Diante de “Lawrence da Arábia”, dirigido por Lean em 1962 e considerado como um dos maiores clássicos da história do cinema, difícil impedir que seu brilho solar ofusque o resto da filmografia do diretor. Mas “A Filha de Ryan” também poderia integrar, sem favor, qualquer lista de melhores filmes de todos os tempos. Sobretudo se a coletânea for do gênero romance.
A história se passa numa pequena vila de pescadores da Irlanda, durante a I Guerra Mundial (1914/1918). Vizinha à Inglaterra, a ilha da Irlanda é hoje dividida entre a Irlanda do Norte, de maioria protestante e ainda ligada à Grã-Bretanha, e a independente República da Irlanda, de maioria católica. A atual divisão só se deu a partir da Guerra de Independência do país, entre 1919 e 1921.
Durante a I Guerra, toda a Irlanda era dominada desde o séc. XVII pela Inglaterra. Que estava militarmente ocupada em disputar o poder na Europa Continental, no Oriente Médio e na Ásia contra a Alemanha, Império Austro-Húngaro e Turquia. Com a maior parte dos dominadores britânicos dedicados ao conflito global, os dominados irlandeses se animaram com seus sonhos de independência, que só seriam concretizados poucos anos depois.

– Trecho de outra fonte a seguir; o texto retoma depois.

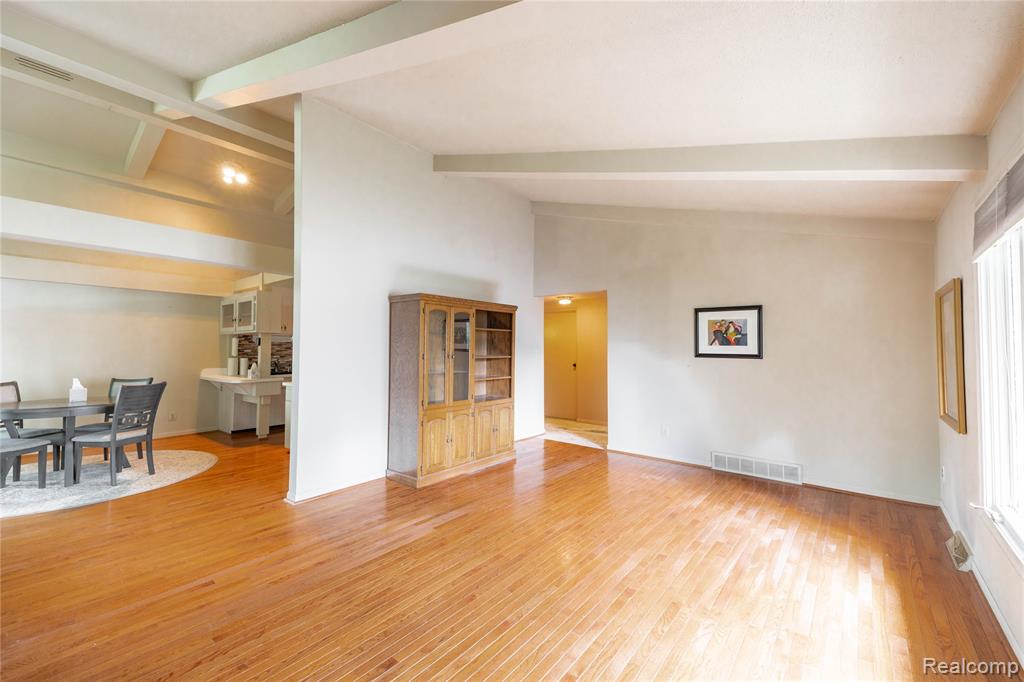 472 Riverside Drive, Wyandotte, MI 48192 — Photo 21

O contexto político é pano de fundo para a história de um triângulo amoroso, mas fundamental em sua evolução e desfecho. Na isolada aldeia de pescadores de Killary, na península irlandesa de Dingle, Sarah Miles é Rose Ryan. Jovem saída da adolescência, sonha com um mundo que só conhece de livros de romance e catálogos de artigos femininos, enquanto o mundo real explode em conflitos sangrentos.
Órfã de mãe, Rose é a filha única de Thomas Ryan (Leo McKern) — daí o título do filme. Dono também do único bar do local, fato de importância redobrada em se tratando de irlandeses, o pai pode ser considerado rico em meio a pescadores pobres, e mima Rose sempre que pode. Líder espiritual da aldeia, o velho padre Collins (Trevor Howard, poderoso como sempre) se preocupa com o choque inevitável entre sonho e realidade da filha de Ryan.
Das poucas pontes de Rose com o mundo exterior que idealiza é o professor da vila, Charles Shaughnessy. É interpretado pelo galã Robert Mitchum, astro de Hollywood na produção britânica, convincente como irlandês. Viúvo de meia idade e fã de Beethoven, é alvo da paixão platônica da ex-aluna, que só se consuma após insistência dela. A sequência do casamento e da noite de núpcias é uma das tantas do filme que merecem destaque.
Tudo poderia ir bem naquele cenário isolado de mar, penhascos e campos verdejantes, não fosse a chegada do novo comandante da guarnição britânica instalada para vigiar as atividades dos inimigos no litoral. O jovem e garboso oficial Randolph Doryan (Cristopher Jones) chega com a fama de herói dos campos de batalha da Europa, mas revela a realidade na perna comprometida por ferimento e no trauma de guerra que o atormenta.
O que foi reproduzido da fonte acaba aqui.